As we get older, we have to be careful of the tricks our minds can play on us. Sometimes your mind tells you to be careful for good reason, but sometimes it's telling you that your body can't do something that it can do.
I see these tricks even in my own life, and I'm still a fairly young pup. I've been practicing yoga for over a decade now, and yet I'm still mostly afraid to do inversions like headstand and handstand. The rare times I do actually attempt them, I find that I get into the pose, and then talk myself out of being in the pose. It's pretty damn interesting! I'm upsidedown in handstand and my mind is chattering about how I can't do it still.
And this teaching definitely applies to other areas of my life. The "I can't do it" mantra is so pervasive at times that it can dig its way into everything. And what interesting about this is that, when that mantra is running strong, I find that I am more judgmental and less accepting of both myself and others.
Even though we know it isn't effective, we often try to talk people into what we think they should be doing. That's a prison. It takes time to plant new samskaras (patterns). There is such freedom in letting people do what they want to do.
Think of all the energy wasted on trying to talk people into doing something, believing something. We all do it to some extent, but i think one of the benefits of aging gracefully is waking up to the fact that you don't have to try to control the world. In fact, it's pointless to try and control the world. I'm still working on that one. Some days, I'm pretty accepting. Other days, not so much.

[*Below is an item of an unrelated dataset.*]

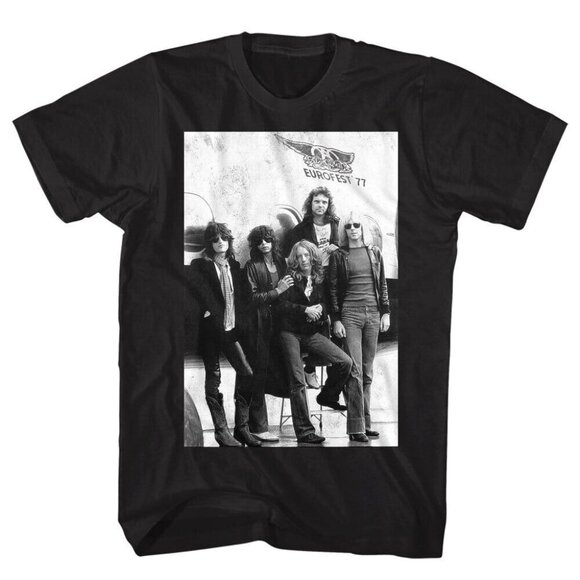 Disney F Other - Aerosmith Eurofest 1977 Photo Graphic Rock Band Concert Tour Fan Retro T-Shirt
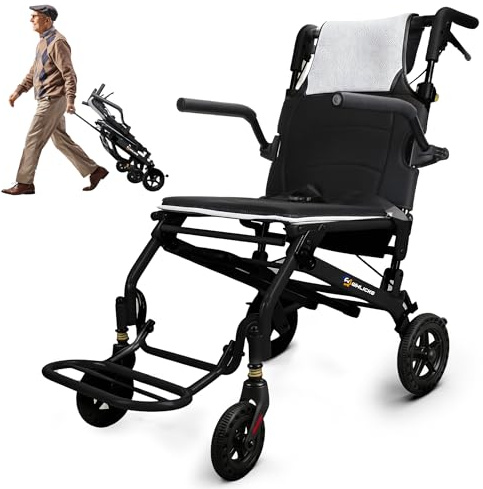 WHLICKS Lightweight Folding Transport Wheelchair, 11 Wheels for Seniors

There is such freedom in letting people do what they want to do.
This sentence disembodied from the rest of Walden's comments is troubling. But when you look at everything she is saying, the sentence is pointing at a liberation from needing to fix everything. Sure, if someone is doing something destructive, you might say something, or do something in order to try and jolt them. However, in the end, it's up to that other person to awaken to the destructiveness of their thoughts and behavior. You can't do it for them.
This might be a useful reminder for those of us who are regulars in the on-line world. There's plenty of damaging talk floating about in the relatively anonymous cyberspace, but beyond a certain point, it's really impossible to do a whole lot to change that. I make comments now and then when I think they might be helpful, but otherwise it seems the only beneficial thing I can do is to watch my own behavior, and the intent behind my comments. I've erased plenty of comments over the past year I quickly realized were driven by spite, or a desire to "one up" someone. Sometimes, some of that energy still slips through, but hey, that's why practice never truly ends.
Things can change at a moment. Why not be happy now?
There's a good mantra to replace the "I can't do it" mantra. It's so hard to remember sometimes, but really, why not be happy now. What's holding you back?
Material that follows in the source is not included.